In the listing below, report how many lines include the string "Waves", giving only that number.

(Beginning of Source records)

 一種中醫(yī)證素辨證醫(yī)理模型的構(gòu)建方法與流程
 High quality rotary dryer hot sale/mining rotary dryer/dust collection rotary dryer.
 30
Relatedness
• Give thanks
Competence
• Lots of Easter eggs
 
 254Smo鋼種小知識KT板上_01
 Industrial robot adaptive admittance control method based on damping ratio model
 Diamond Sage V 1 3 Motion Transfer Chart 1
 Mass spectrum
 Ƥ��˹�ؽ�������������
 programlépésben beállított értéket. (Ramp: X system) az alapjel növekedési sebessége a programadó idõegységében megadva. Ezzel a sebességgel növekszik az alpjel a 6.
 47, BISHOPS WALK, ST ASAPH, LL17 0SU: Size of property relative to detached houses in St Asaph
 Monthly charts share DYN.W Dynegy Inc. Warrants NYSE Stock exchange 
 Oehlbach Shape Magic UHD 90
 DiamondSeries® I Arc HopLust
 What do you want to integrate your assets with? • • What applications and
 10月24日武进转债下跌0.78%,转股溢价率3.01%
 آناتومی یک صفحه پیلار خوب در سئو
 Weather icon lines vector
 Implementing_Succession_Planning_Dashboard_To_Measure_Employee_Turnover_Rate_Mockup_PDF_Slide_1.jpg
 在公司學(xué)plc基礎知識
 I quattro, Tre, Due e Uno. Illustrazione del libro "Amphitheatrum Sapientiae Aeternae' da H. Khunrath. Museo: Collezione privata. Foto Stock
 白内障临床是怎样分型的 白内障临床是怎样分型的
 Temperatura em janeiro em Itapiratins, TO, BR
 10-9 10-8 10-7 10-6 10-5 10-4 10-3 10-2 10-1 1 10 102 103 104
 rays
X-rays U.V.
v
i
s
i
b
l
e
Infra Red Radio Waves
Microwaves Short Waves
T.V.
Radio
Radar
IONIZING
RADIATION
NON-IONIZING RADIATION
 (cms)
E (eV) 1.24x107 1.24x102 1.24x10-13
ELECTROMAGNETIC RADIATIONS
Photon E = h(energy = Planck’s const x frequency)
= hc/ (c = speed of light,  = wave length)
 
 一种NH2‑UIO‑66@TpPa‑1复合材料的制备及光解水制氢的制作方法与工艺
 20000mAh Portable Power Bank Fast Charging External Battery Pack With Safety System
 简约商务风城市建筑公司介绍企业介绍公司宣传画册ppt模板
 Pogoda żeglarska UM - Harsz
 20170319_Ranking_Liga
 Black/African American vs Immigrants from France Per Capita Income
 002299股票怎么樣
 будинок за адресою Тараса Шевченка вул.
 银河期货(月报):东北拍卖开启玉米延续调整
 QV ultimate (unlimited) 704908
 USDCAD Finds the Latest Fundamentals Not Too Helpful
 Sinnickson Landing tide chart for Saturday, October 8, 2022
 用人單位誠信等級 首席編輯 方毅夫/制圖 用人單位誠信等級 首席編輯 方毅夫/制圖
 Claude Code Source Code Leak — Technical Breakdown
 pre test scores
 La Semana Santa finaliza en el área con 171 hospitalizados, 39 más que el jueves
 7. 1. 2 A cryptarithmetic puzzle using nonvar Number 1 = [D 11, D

(End of Source records)

Answer: 2